Back then, he was an all-league linebacker and a regular at the state wrestling championships. He continued playing football for two years at Western Maryland College before transferring to UMBC, where he got an undergraduate degree in physics.

At 25, his football days are over, but his competitive ways have remained so he turned to something he had been doing all the while -- weightlifting.

"I played sports all through high school and then in college and just missed the competitive atmosphere," the Taneytown resident said.

"All along, I was lifting weights so I took it up on my own. It's given me a chance to get back into competitive sports."

The 6-foot, 237-pounder started lifting just a year ago and already has qualified for a national competition -- the American Open Weightlifting Championships -- slated for San Anselmo, Calif., Dec. 5.

To qualify for the national event, a competitor has to come up with a combined total of 242.5 kilograms (533.5 pounds) in the snatch event and clean-and-jerk events in a sanctioned meet.

Susol did that in the Big Apple Open in Queens, N.Y., in September -- finishing with the needed 242.5 kilograms -- and then improved on that in the Gettysburg Open last month with a combined total of 252.5 kilograms.

"The local meets like the Gettysburg one and the Big Apple have four or five high-caliber lifters with the rest just usually starting out. Right now, I'm in the middle," Susol said.

"Now I'm stepping up to the national level and expecting to see top-level competition. My attitude going in is to have a good day, gain the experience and try to better my own records."

Leo Totten, who has competed and now coaches at the national level, has helped train Susol at Francis Scott Key.

"He's come along real well and improved his total 10 kilograms -- that's a real nice jump," Totten said, who teaches and coaches volleyball at Key.
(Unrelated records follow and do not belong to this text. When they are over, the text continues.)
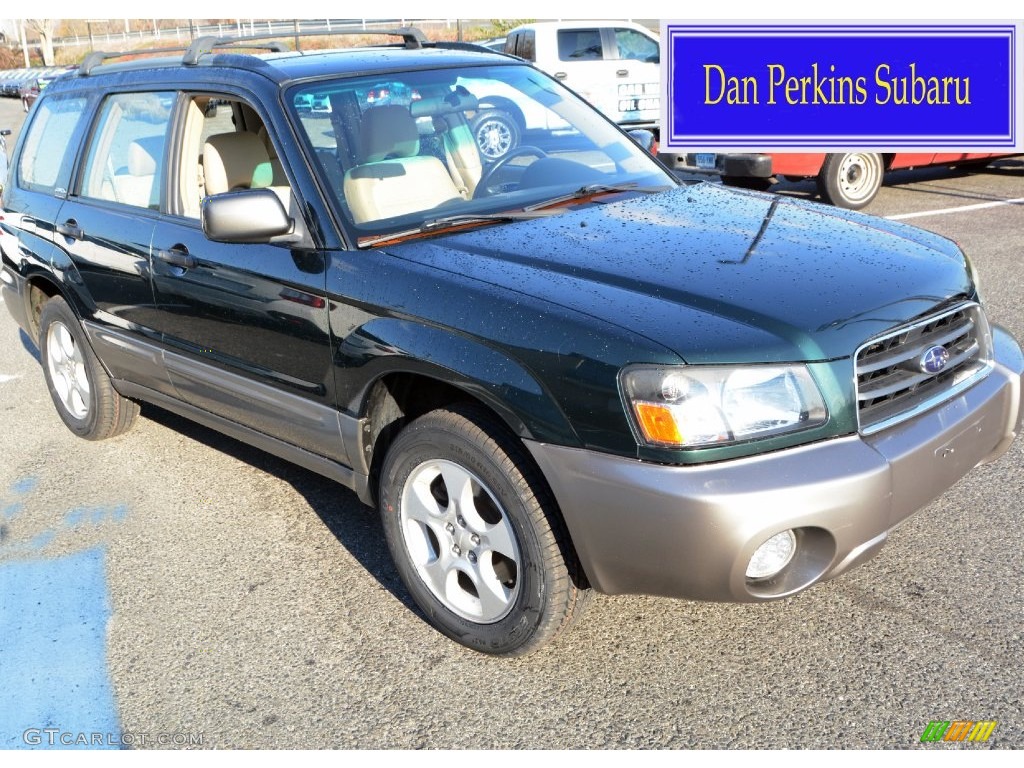 2004 Forester 2.5 XS - Woodland Green Pearl / Beige photo #1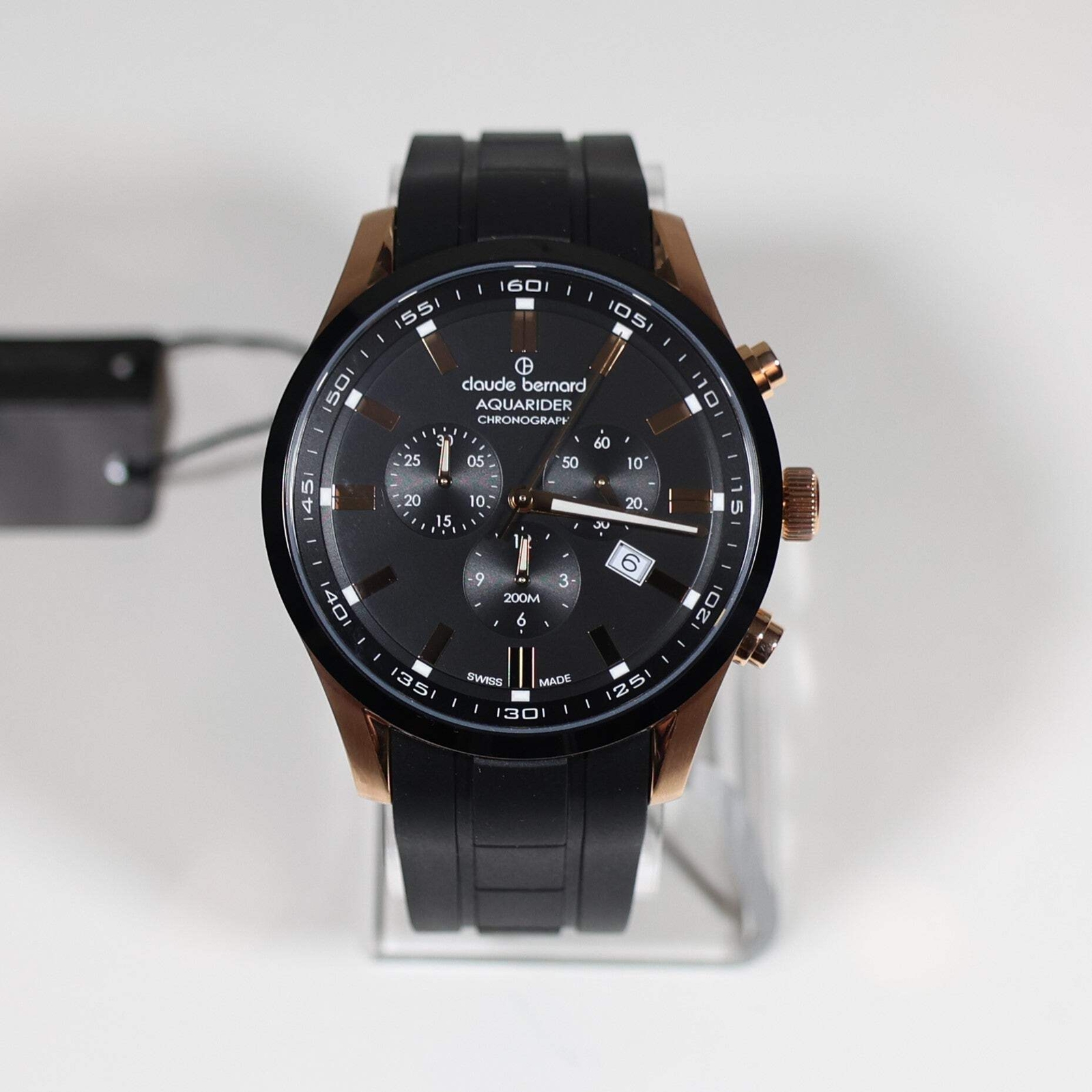 Claude Bernard Black Dial Rose Gold Tone Men’s Chronograph Watch 10222-37RNCA-NI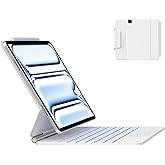 typecase Keyboard Case for iPad Pro 13-inch (M5 2025 / M4 2024), Magic Keyboard with 11 Colors Backlight, Keyboard Case with Pencil Holder, Multi-Touch Trackpad, Easy-Set Magnetic Stand, White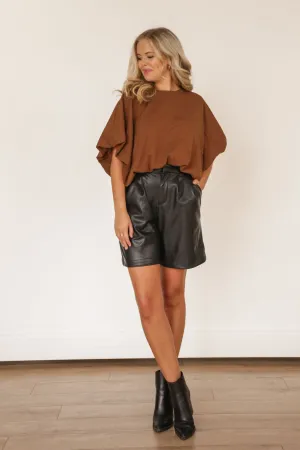 Balloon Crop Basic Tee (BROWN)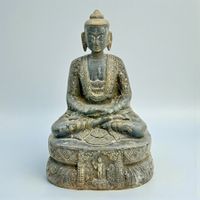 Sculpture tibétaine antique de Bouddha en bronze doré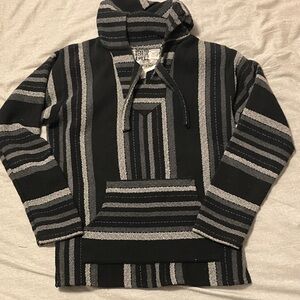 Senor Lopez Black Light Blue Gray Striped Men's Baja Hoodie Large Made in Mexico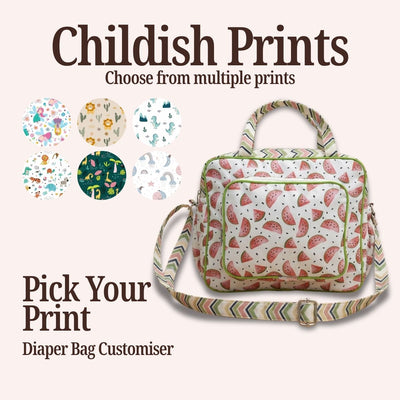 CHILDISH PRINT BABY DAIPER BAG CUSTOMISER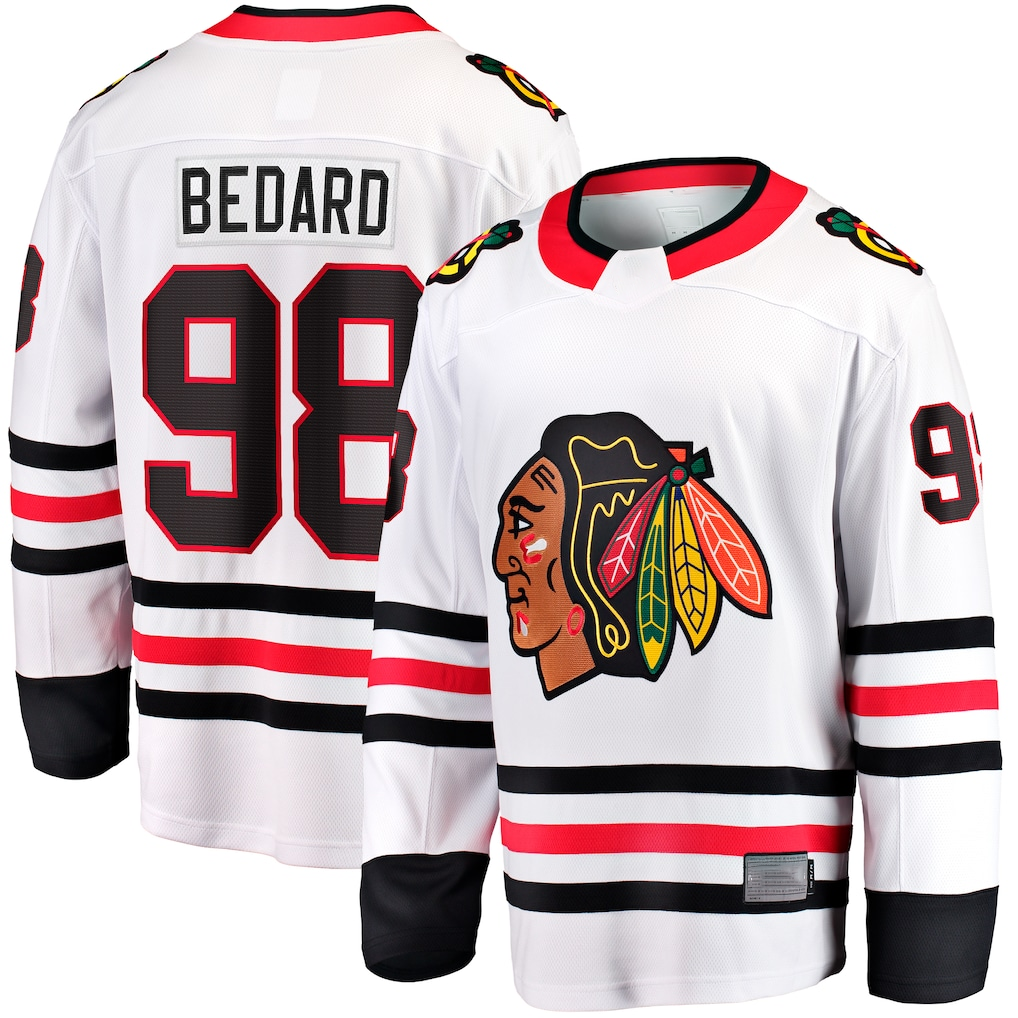 Crovyle C.Blackhawks #98 Connor Bedard White Away Breakaway Player Jerseys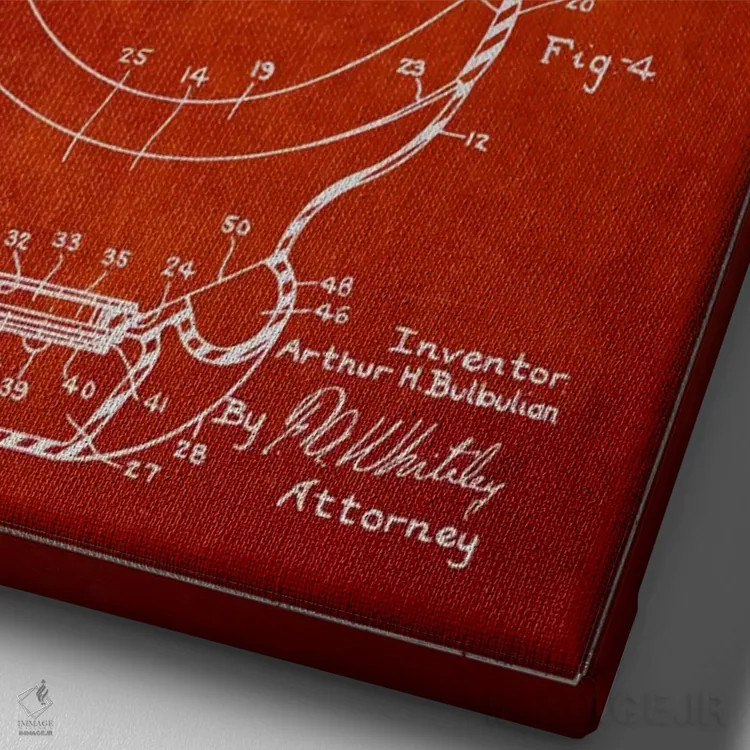 تابلو نقشه ثبت اختراع ماسک هوانوردی (قرمز) اثر پیکسل کهنه (استودیو/نام هنری) - نمای نزدیک بافت بوم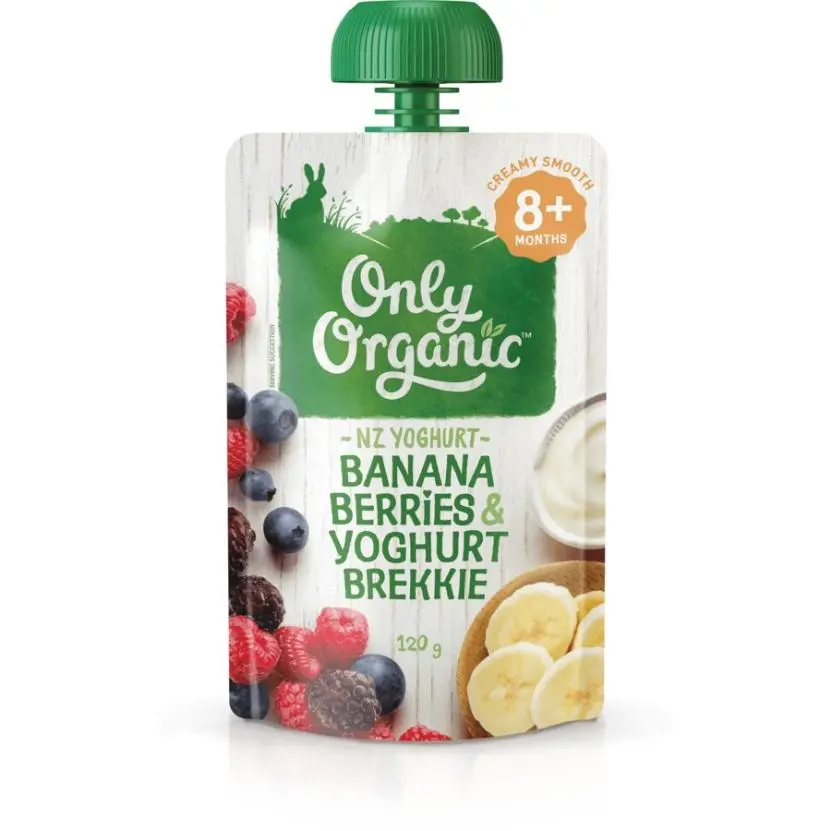 Only Organic Baby Food Banana Berries & Yoghurt Brekkie 120g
"If he can stay focused, he has the physical strength to do it. He has a busy schedule, but still manages to get to Key or train at UMBC. He's come along pretty quickly in a year."

Susol is in a graduate program at UMBC studying applied physics. He's often in the training room at 6:45 in the morning to get his lifting in before a day of classes, teaching and studying. In all, he usually spends 10 hours a week in training.

"I just make weight training a part of my day. And it's 6:45 a.m. to get it in," he said.

His ultimate goal is to compete in the Olympic Games and said that's at the "end of the tunnel." To qualify for the Olympic Trials, he'll need a combined total of 340 kilograms or 748 pounds.

"The true test in weightlifting comes when the improvements start leveling off and get a little tougher -- that's when you have to stick it out," Totten said. "He's a real dedicated person and is really after it."